We currently use a third-party service called Firecrawl that works perfectly for our needs. This has eliminated previous bottlenecks with web scraping.

Can the platform generate Word documents from text?

While not currently implemented, adding this capability would take approximately 5 minutes to develop. Any new capabilities requested by users can be quickly added to the platform.

Can I use local LLMs with your platform? Can the platform run locally?

The platform currently uses cloud-based LLMs. We don't currently offer a fully local deployment option, but we're exploring customization options based on customer needs. We could easily integrate with a locally hosted LLM, but so far, we have not found an LLM of good enough quality to run locally. The agents would become less intelligent with current local models.

Getting Started and Usage

What's needed to start using your platform?

Currently, we're running a private beta. You can sign up through the links provided after the seminar. The demo you saw serves as your onboarding - the platform is designed to be intuitive for self-service.

Is there a lock-in with your platform?

No. All platforms use similar principles with instructions and prompts. Moving to another platform simply requires taking your prompts and leaving - there's no proprietary lock-in.

How does your platform compare to just using available APIs?

Our platform provides a conversational interface for creating agents instead of requiring coding. This makes it more accessible while still providing the capabilities available through direct API usage.

Are agent behaviors deterministic?

No. Whenever you use an LLM, intelligence is involved which means giving up some predictability. The more complex the task, the less predictable the behavior. You can increase reliability with good models (like Claude 3.7 Sonnet) and limiting the scope of tools, but 100% determinism requires writing code instead of using LLMs.

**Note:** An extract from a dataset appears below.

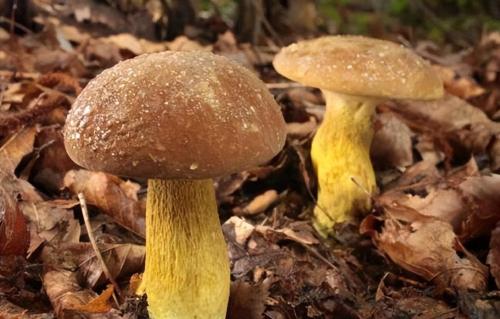 The Public Security Bureau is growing 5 large aspen mushrooms! In Yunnan, you never know where bacteria will grow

How can I test the reliability of agents before handing them off to clients?

We recommend a phased approach to testing reliability. Start with simple tasks and limited tools, then gradually expand capabilities as confidence grows. The platform includes monitoring capabilities to help track agent performance.

Have you used agentic coding for programming your agents?

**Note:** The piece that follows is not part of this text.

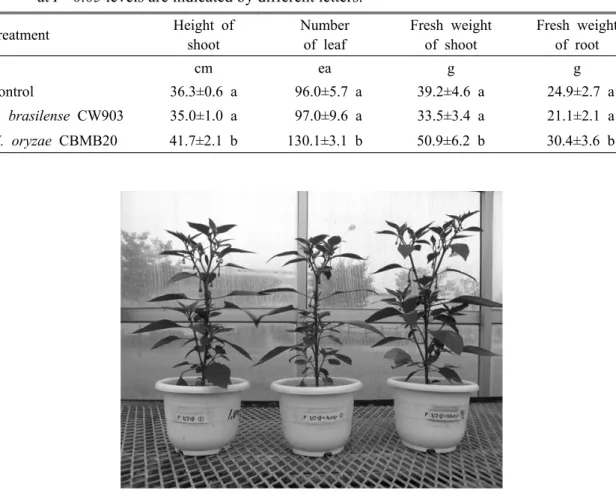 Table 3. Effect of plant growth promoting bacteria on the growth of red pepper plant. Growth  parameters were measured 45 days after transplant and each value represents mean of three  replicates per treatment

Yes, for certain aspects like evaluating instructions for safety and scheduling recurring tasks. We use multiple layers of agentic evaluations internally for complex scenarios. Our goal is to build this intelligence into the platform so customers don't need to worry about implementing these layers themselves.

Costs and Business Model

Who pays for the tokens?

As a beta tester, you'll receive several weeks of free tokens.

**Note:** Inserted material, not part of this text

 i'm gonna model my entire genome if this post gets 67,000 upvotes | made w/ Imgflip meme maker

What about cost management when using models like Claude?

Cost management is built into the platform. For complex flows with large token exchanges, we've implemented optimizations to maintain a good signal-to-noise ratio and manage costs effectively.

Will the platform be available for individual licensing or only for enterprises?

We can discuss various licensing options based on your needs. While the platform isn't open source, we're open to different licensing arrangements.

Security and Privacy

How do you handle intellectual property concerns?

We're aware that feeding company information to AI models raises potential intellectual property concerns. Our platform is designed with security in mind, and we recommend starting with less sensitive data as you become comfortable with the technology.

What is your data privacy policy?

We maintain strict data privacy protocols. Details about our specific policies are provided during the onboarding process.

Learning Resources

Are there books available on this topic?

Yes, there are books available on AI agents and related topics. Henrik Kniberg has written a book, and his colleague Nils has recently completed one as well. We also have books by Johan Falk. All books are available on LeanPub, and you can find links to all of them in our library at https://www.ymnig.ai/library.

What was your biggest "aha moment" working with agents?

Henrik mentioned that his biggest realization was how powerful agents are when you find the right use case, and how human-like they can be. He noted that treating agents as humans you collaborate with tends to work better, even though we know they aren't human. This approach leads to better results when writing prompts.